START DATA FOR THE TASK

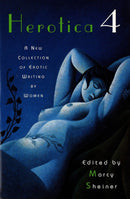 Herotica 4-Fiction: Erotic-買書書 BuyBookBook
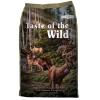 Taste of the Wild - Pine 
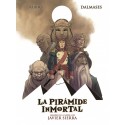 La pirámide inmortal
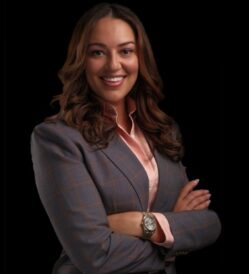 Victoria Lowery - Attorney at Insurance Claim HQ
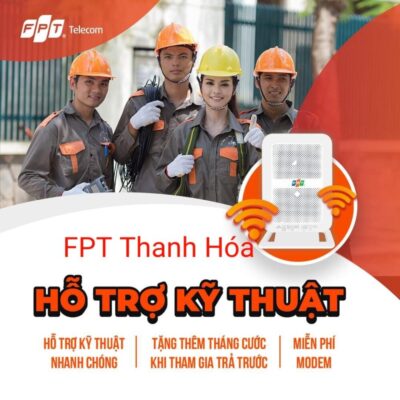lắp mạng fpt thanh hóa
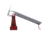 MSR Stake Hammer, One Size, 3074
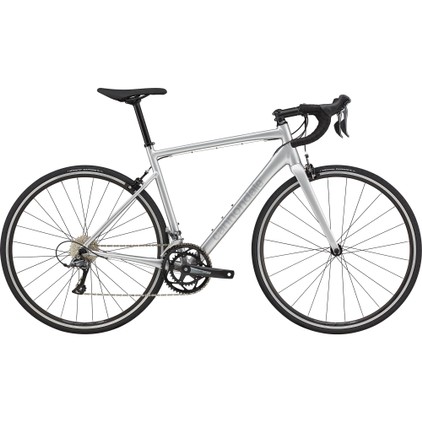 自転車本体 Cannondale CAAD Optimo4 CAAD Optimo 4 | Road Race Bikes | Cannondale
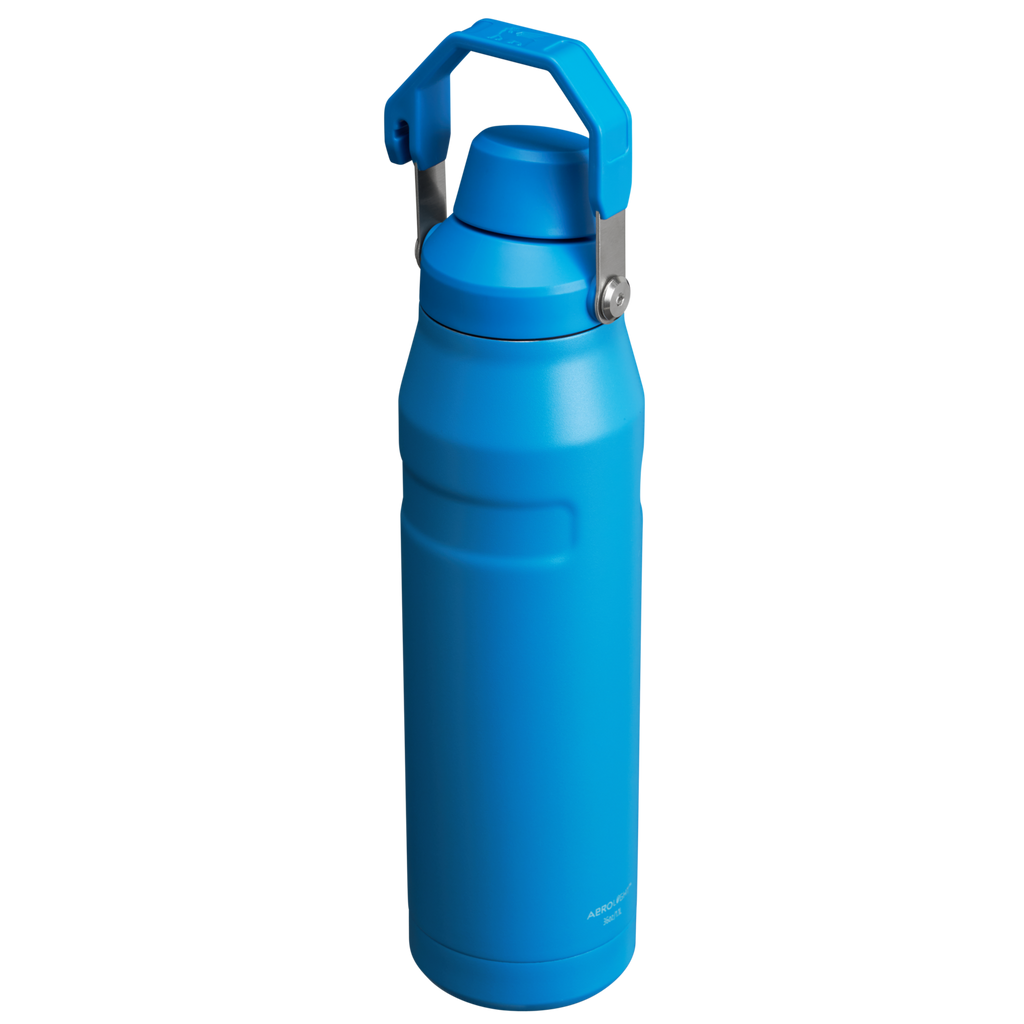 IceFlow™ Bottle with Fast Flow Lid | 36 OZ - Stanley Create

END DATA FOR THE TASK

EXERCISE OBJECTIVE:
When restating the records word for word, omit any picture they contain.

COMPLETED TASK:
 Herotica 4-Fiction: Erotic-買書書 BuyBookBook
 Taste of the Wild - Pine 
 La pirámide inmortal
 Victoria Lowery - Attorney at Insurance Claim HQ
lắp mạng fpt thanh hóa
 MSR Stake Hammer, One Size, 3074
 自転車本体 Cannondale CAAD Optimo4 CAAD Optimo 4 | Road Race Bikes | Cannondale
 IceFlow™ Bottle with Fast Flow Lid | 36 OZ - Stanley Create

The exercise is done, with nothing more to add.